You would think that that kind of Hitlerian rhetoric would galvanize the Hispanic and Asian-American—not to mention the African-American—communities in America against Trump, but no. If anything, his support among these groups seems to be rising, driven ironically enough by his hardline position on immigration, the very same factor that made these minorities possible to begin with.

What I’m interested in is how the Filipino-American community will respond to Trump 2.0, and what that will say of us as a people, albeit as one of many minorities in America’s multiracial society.

There are now about 4 million Filipino-Americans; half of them, 2 million, are voters. (To put this in context, the US population now stands at 336 million, of whom 170 million are voters.) Historically, Filipino-American voters have leaned Democrat, with a majority of them voting for Hillary Clinton and Joe Biden in 2016 and 2020. But a very vocal (though perhaps somewhat less visible, as many people tend to reveal their preferences only in the voting booth) “Filipinos for Trump” movement exists, and if trends persist will likely gain more traction this time around.

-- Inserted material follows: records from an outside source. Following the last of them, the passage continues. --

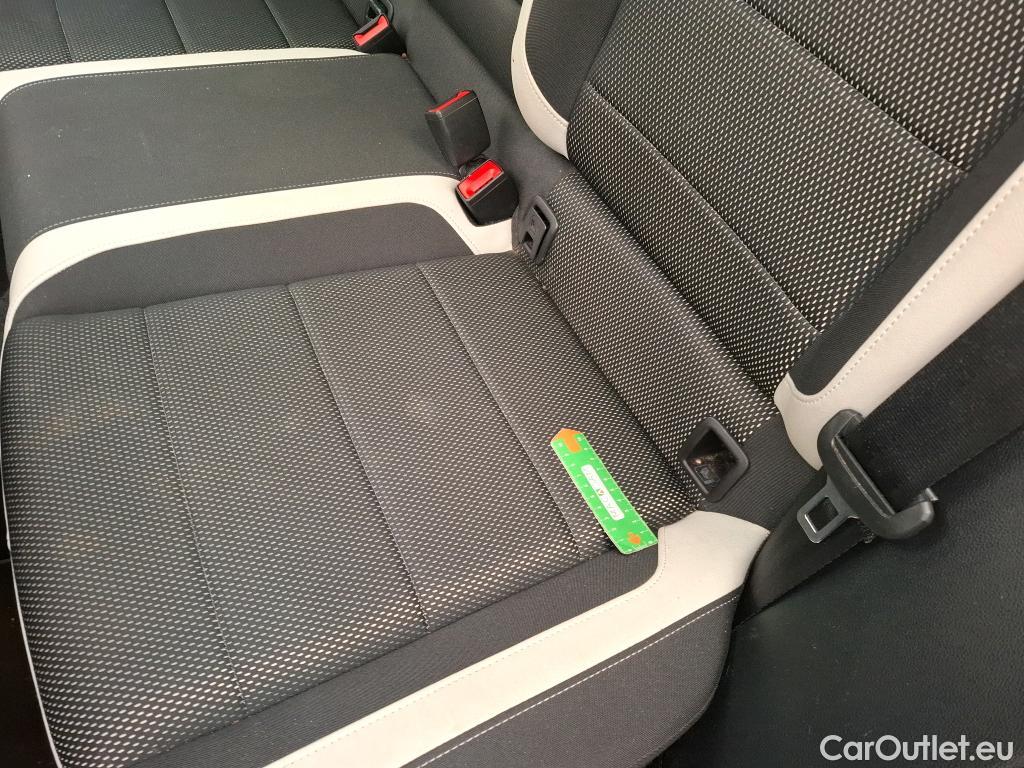  Volkswagen  T-ROC VOLKSWAGEN  / 2017 / 5P / SUV 1.5 TSI 150 EVO CARAT DSG7 #38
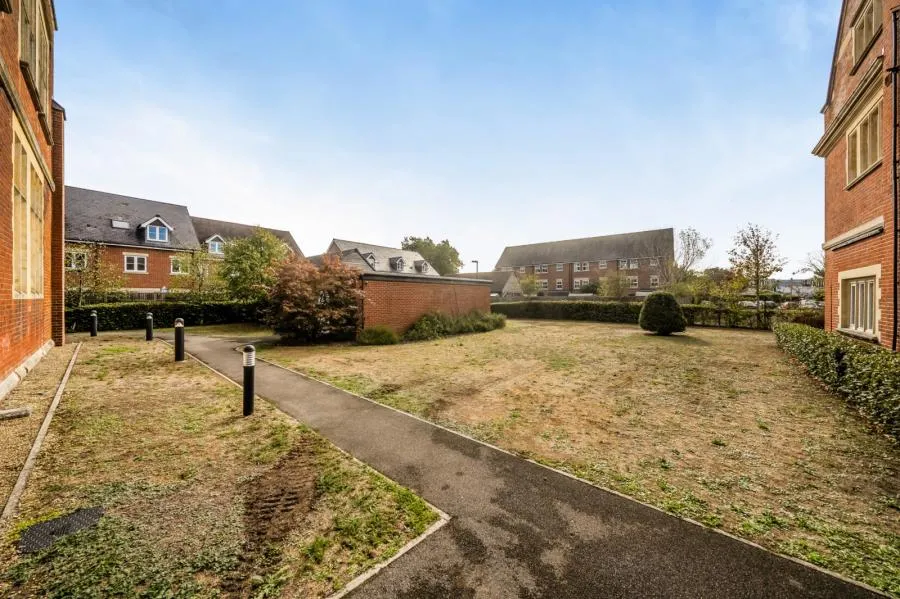 Enborne Road, Newbury, RG14, photo 17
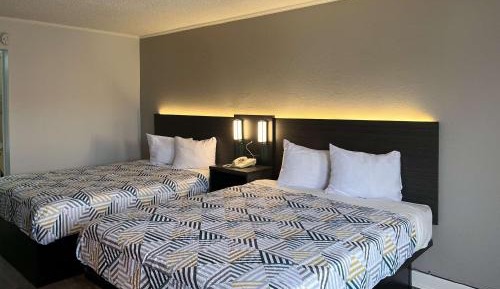 Queen Room with Two Queen Beds - Disability Access - Non-Smoking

In 2020, Filipino pro-Trumpers cited “family, religion, and faith” as the main reasons they were backing him, like many American evangelicals, despite all the evidence to the contrary in Trump’s personal behavior and speech. For many, it all came down to one issue—abortion—the right to which has now been successfully rolled back by the Supreme Court’s conservative majority. This time around, the flashpoint will likely be immigration, a global problem abetted by collapsing economies and repressive regimes. Well-settled minorities such as Filipino-Americans derive a strong sense of entitlement from all the personal sacrifices and legal processes they went through to acquire their citizenship, and feel cheated by migrants scrambling across the border. This kind of single-issue vote—a gross simplification and reduction of values into one criterion—favors demagogues like Trump, who work through two-dimensional posterization.

A more interesting—and more sinister—reading of Trump’s popularity came up in a recent guest essay in the New York Times by Matthew Schmitz, arguing in his title that “The Secret to Trump’s Appeal Isn’t Authoritarianism,” but rather that “Mr. Trump enjoys enduring support because he is perceived by many voters—often with good reason—as a pragmatic if unpredictable kind of moderate” and “a flexible-minded businessman who favors negotiation and compromise.” That logic, while fetching, predictably drew quick rebukes. One reader said: “Thanks, Mr. Schmitz, but we’re already well aware of this. Italians liked Mussolini because he ‘made the trains run on time.’ This is exactly our point. This is how dictatorships happen.”

That brought me back to our own long and continuing affair with despotism, and how sharply simplified populist sloganeering can cut through and cut down on complex reasoning—with devastating consequences for democracy, here and across the Pacific.